Sure, this system can't run indefinately. But the enemy only gets one glimpse at the guts of the PRNG every 2 hours. Just becasuse there is a PRNG in there, it doesn't mean that it is easily breakable. You need to get a lot of samples from a PRNG before the numbers start being predictable.

And too add further complications, the PRNG is fed random numbers from another random OTP table. And in the original example I even had different PRNGs also selected from a random OTP table.
Smokeskin
QUOTE (mfb @ Aug 22 2006, 12:34 AM)
there's no such thing as a perfectly-implemented OTP. to do that, we'd first need a way to generate perfectly random numbers, and at the moment, all we have are ways to generate usefully (but imperfectly) random numbers. key word being 'useful'; for most intents and purposes, OTPs are unbreakable--as long as we understand 'unbreakable' to actually mean 'unbreakable within any useful timeframe'.

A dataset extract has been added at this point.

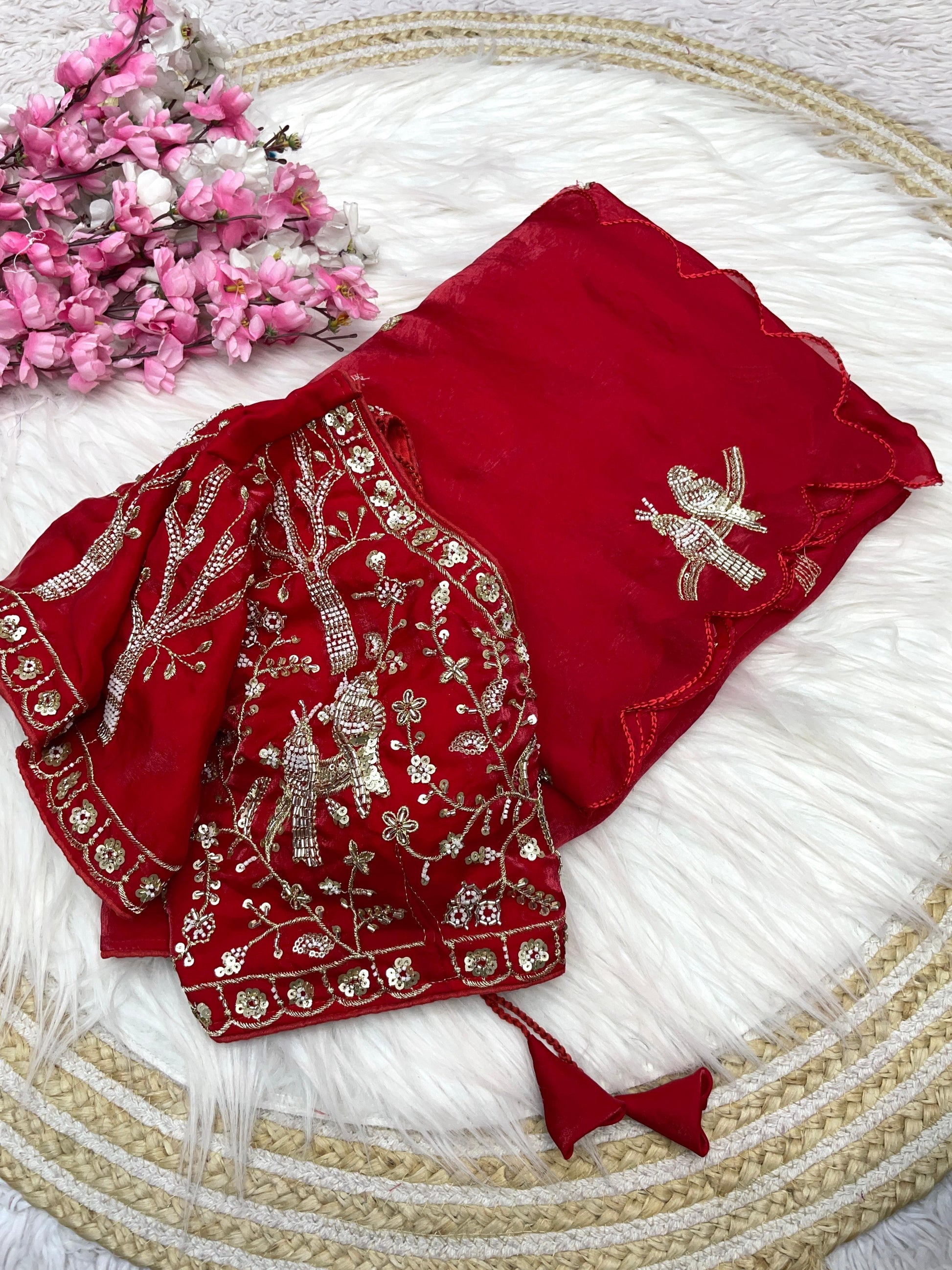 A luxurious red space silk saree adorned with golden and silver bird motifs and delicate scalloped edges. The ensemble includes a matching stitched blouse with intricate embroidery, perfect for weddings and special occasions.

using OTP encryption on drones is, basically, using it wrong. there's nothing one-time about drone communication; by its nature, drone control is generally managed through a stream of constant communication. same with using it for team commo. to use OTPs correctly, you have to do what the name implies--use them one time. every time you use them, the chance that your code will be broken increases.

You're mixing up 2 different properties and uses for random numbers.

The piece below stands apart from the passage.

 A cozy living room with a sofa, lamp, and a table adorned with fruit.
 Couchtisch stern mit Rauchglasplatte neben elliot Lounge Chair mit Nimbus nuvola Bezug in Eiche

For cryptology, you really just need unpredictability. It doesn't really matter that the bit-stream only has 49% 0s and 51% 1s, as long as it is unpredictable. The encryption strength doesn't really suffer from this lack of perfect distribution - it makes pattern matching a tiny little bit easier if you keep on re-using the OTP, but it doesn't give any decryption risk at all for the first pass. It isn't hard to make random numbers like that, basically some equipment measuring any natural random process will do, like a sensor looking at brownian movement in a liquid, or perhaps something looking at properties of air currents, with the feed recorded by your computer. You can buy packages that do this today.

For many other applications, you need perfect distribution. That's the really hard part to get, and what most refer to when talking about how hard random numbers are to generate.

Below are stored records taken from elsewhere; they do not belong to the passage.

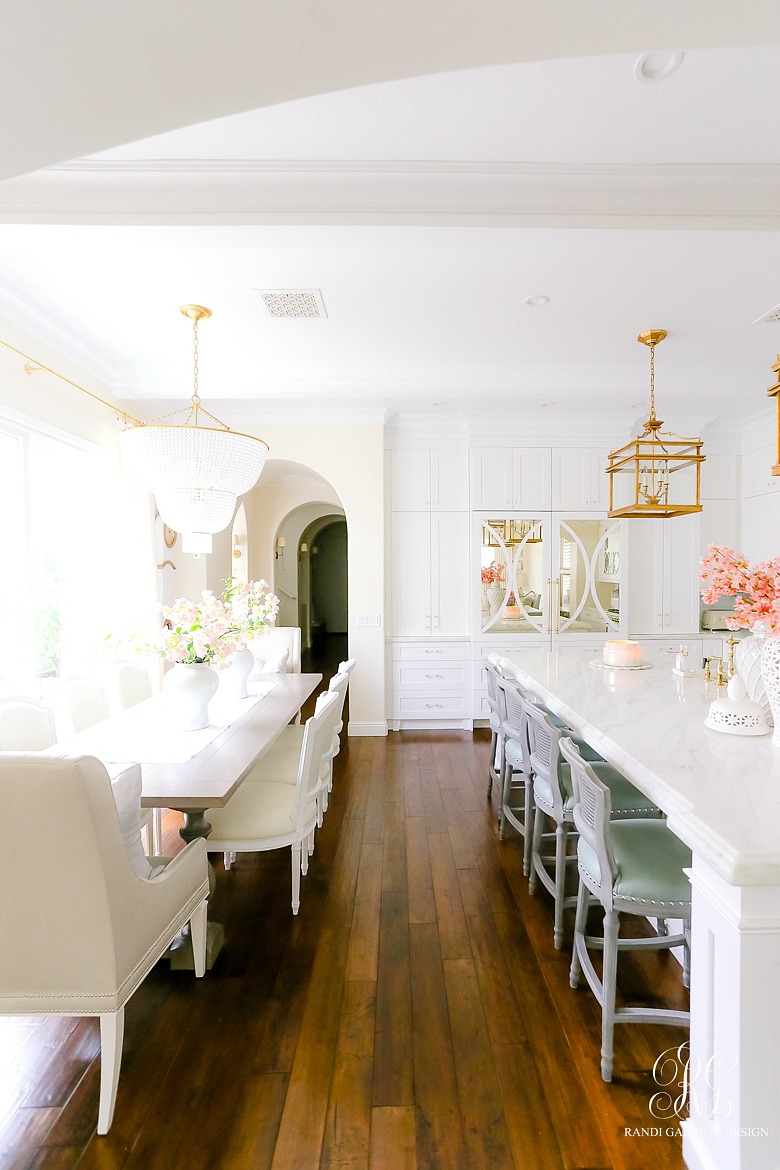 white kitchen and breakfast nook with gold lighting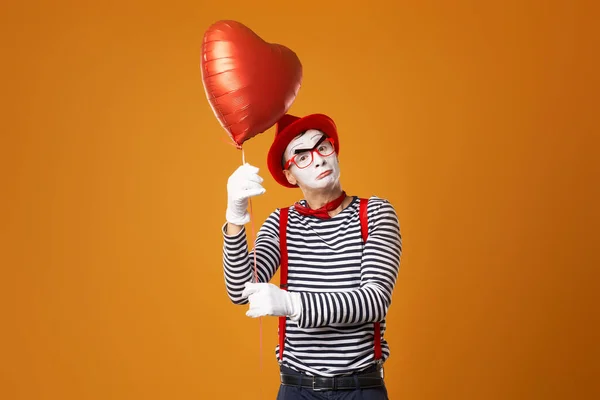 Mime σε κόκκινο καπέλο και γιλέκο κρατά μπάλα καρδιά στα χέρια του, ενώ κοιτάζοντας την κάμερα — Φωτογραφία Αρχείου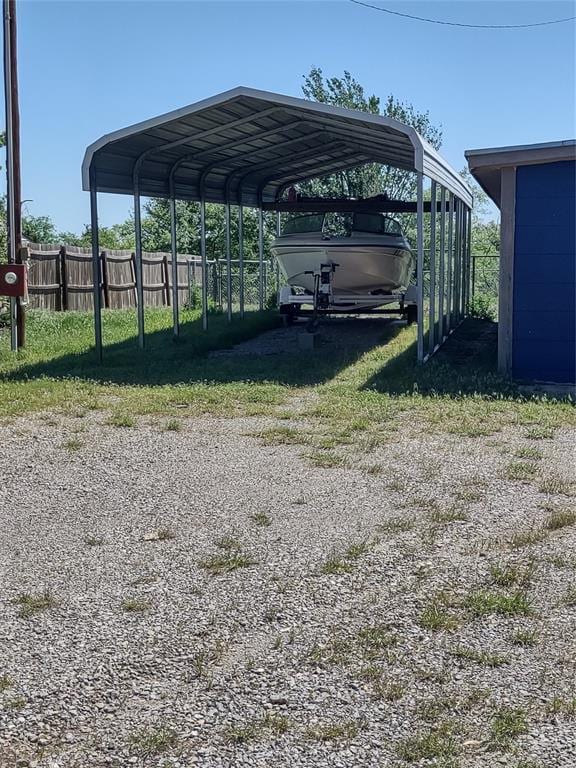 view of vehicle parking featuring fence, a carport, and driveway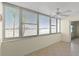 Bright sunroom with water views and ceiling fan at 4775 Cove Cir # 202, St Petersburg, FL 33708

Using OTP on drones wouldn't be using it wrong. You just need a large OTP. How much recording capacity do you assume a drone has? 8 hours? Use 25% of that space for an OTP, and you have 2 hours of continous full-sensor transmission completely secure.
mfb
unpredictability works, for cryptology, but not as well as true randomness. if it's truly random, there's basically no breaking it. if it's just unpredictable, it's possible to find patterns if you have enough material to work with. generating less-than-random OTPs means that, eventually, someone's going to crack the system that you use for generating OTPs. at which point, you're screwed.
Aaron
QUOTE (mfb)
there's no such thing as a perfectly-implemented OTP. to do that, we'd first need a way to generate perfectly random numbers, and at the moment, all we have are ways to generate usefully (but imperfectly) random numbers.

By "random" we mean "without a discernable mathematical pattern." Certainly, mathematically-generated random numbers will have a discernable pattern. However, a non-mathematical algorithm, such as a random list generated by the the keyboard mashing common to PGP key generation, is suitably random for an unbreakable OTP table.
Rotbart van Dainig
QUOTE (Aaron)
However, a non-mathematical algorithm, such as a random list generated by the the keyboard mashing common to PGP key generation, is suitably random for an unbreakable OTP table.

No. It may suffice for some time.

Even atomic decay or interstellar radiation were found having patterns.